-- ENTRIES SUPPLIED follows --

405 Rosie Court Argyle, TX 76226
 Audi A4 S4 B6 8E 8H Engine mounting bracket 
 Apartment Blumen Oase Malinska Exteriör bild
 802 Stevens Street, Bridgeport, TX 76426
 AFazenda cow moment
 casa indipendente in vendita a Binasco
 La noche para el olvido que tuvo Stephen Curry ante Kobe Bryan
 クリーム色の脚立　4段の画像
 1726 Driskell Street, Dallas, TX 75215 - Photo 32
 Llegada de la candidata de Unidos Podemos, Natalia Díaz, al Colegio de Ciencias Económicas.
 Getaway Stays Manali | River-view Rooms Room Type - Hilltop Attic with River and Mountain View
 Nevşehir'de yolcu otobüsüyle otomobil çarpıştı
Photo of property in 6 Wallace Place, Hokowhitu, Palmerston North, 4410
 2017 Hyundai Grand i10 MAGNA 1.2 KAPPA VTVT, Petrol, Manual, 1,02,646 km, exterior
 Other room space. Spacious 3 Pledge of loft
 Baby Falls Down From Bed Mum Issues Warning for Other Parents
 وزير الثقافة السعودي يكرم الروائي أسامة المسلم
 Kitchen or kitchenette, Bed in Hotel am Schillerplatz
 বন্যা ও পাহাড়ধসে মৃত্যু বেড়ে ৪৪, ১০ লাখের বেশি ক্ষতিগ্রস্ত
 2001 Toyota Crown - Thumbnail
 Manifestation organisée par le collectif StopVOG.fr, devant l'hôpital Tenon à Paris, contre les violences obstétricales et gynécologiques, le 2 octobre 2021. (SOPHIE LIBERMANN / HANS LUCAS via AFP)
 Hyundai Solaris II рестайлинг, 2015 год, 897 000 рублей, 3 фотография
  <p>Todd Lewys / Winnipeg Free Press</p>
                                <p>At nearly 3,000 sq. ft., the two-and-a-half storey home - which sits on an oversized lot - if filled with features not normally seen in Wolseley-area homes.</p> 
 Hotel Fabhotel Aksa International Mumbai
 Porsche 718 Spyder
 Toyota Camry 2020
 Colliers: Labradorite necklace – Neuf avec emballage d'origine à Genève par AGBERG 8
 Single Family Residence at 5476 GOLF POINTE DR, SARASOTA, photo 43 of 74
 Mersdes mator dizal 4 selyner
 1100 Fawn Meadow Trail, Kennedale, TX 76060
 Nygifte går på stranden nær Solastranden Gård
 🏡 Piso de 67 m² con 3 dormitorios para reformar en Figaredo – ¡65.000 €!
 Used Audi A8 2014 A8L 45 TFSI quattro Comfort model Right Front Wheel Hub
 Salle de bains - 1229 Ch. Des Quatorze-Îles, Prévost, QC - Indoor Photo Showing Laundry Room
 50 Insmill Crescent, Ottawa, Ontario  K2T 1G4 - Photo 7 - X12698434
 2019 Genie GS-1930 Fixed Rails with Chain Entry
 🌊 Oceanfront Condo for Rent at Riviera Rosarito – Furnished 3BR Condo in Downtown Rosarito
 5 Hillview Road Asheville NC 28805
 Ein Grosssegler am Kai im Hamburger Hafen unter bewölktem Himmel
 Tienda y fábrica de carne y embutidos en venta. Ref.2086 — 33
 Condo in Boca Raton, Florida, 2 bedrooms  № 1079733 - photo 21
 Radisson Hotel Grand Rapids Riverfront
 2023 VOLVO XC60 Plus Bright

-- ENTRIES SUPPLIED concluded --

WHAT TO WORK ON: Write out every line from the records above, word for word.

TASK ANSWER:
405 Rosie Court Argyle, TX 76226
 Audi A4 S4 B6 8E 8H Engine mounting bracket 
 Apartment Blumen Oase Malinska Exteriör bild
 802 Stevens Street, Bridgeport, TX 76426
 AFazenda cow moment
 casa indipendente in vendita a Binasco
 La noche para el olvido que tuvo Stephen Curry ante Kobe Bryan
 クリーム色の脚立　4段の画像
 1726 Driskell Street, Dallas, TX 75215 - Photo 32
 Llegada de la candidata de Unidos Podemos, Natalia Díaz, al Colegio de Ciencias Económicas.
 Getaway Stays Manali | River-view Rooms Room Type - Hilltop Attic with River and Mountain View
 Nevşehir'de yolcu otobüsüyle otomobil çarpıştı
Photo of property in 6 Wallace Place, Hokowhitu, Palmerston North, 4410
 2017 Hyundai Grand i10 MAGNA 1.2 KAPPA VTVT, Petrol, Manual, 1,02,646 km, exterior
 Other room space. Spacious 3 Pledge of loft
 Baby Falls Down From Bed Mum Issues Warning for Other Parents
 وزير الثقافة السعودي يكرم الروائي أسامة المسلم
 Kitchen or kitchenette, Bed in Hotel am Schillerplatz
 বন্যা ও পাহাড়ধসে মৃত্যু বেড়ে ৪৪, ১০ লাখের বেশি ক্ষতিগ্রস্ত
 2001 Toyota Crown - Thumbnail
 Manifestation organisée par le collectif StopVOG.fr, devant l'hôpital Tenon à Paris, contre les violences obstétricales et gynécologiques, le 2 octobre 2021. (SOPHIE LIBERMANN / HANS LUCAS via AFP)
 Hyundai Solaris II рестайлинг, 2015 год, 897 000 рублей, 3 фотография
  <p>Todd Lewys / Winnipeg Free Press</p>
                                <p>At nearly 3,000 sq. ft., the two-and-a-half storey home - which sits on an oversized lot - if filled with features not normally seen in Wolseley-area homes.</p> 
 Hotel Fabhotel Aksa International Mumbai
 Porsche 718 Spyder
 Toyota Camry 2020
 Colliers: Labradorite necklace – Neuf avec emballage d'origine à Genève par AGBERG 8
 Single Family Residence at 5476 GOLF POINTE DR, SARASOTA, photo 43 of 74
 Mersdes mator dizal 4 selyner
 1100 Fawn Meadow Trail, Kennedale, TX 76060
 Nygifte går på stranden nær Solastranden Gård
 🏡 Piso de 67 m² con 3 dormitorios para reformar en Figaredo – ¡65.000 €!
 Used Audi A8 2014 A8L 45 TFSI quattro Comfort model Right Front Wheel Hub
 Salle de bains - 1229 Ch. Des Quatorze-Îles, Prévost, QC - Indoor Photo Showing Laundry Room
 50 Insmill Crescent, Ottawa, Ontario  K2T 1G4 - Photo 7 - X12698434
 2019 Genie GS-1930 Fixed Rails with Chain Entry
 🌊 Oceanfront Condo for Rent at Riviera Rosarito – Furnished 3BR Condo in Downtown Rosarito
 5 Hillview Road Asheville NC 28805
 Ein Grosssegler am Kai im Hamburger Hafen unter bewölktem Himmel
 Tienda y fábrica de carne y embutidos en venta. Ref.2086 — 33
 Condo in Boca Raton, Florida, 2 bedrooms  № 1079733 - photo 21
 Radisson Hotel Grand Rapids Riverfront
 2023 VOLVO XC60 Plus Bright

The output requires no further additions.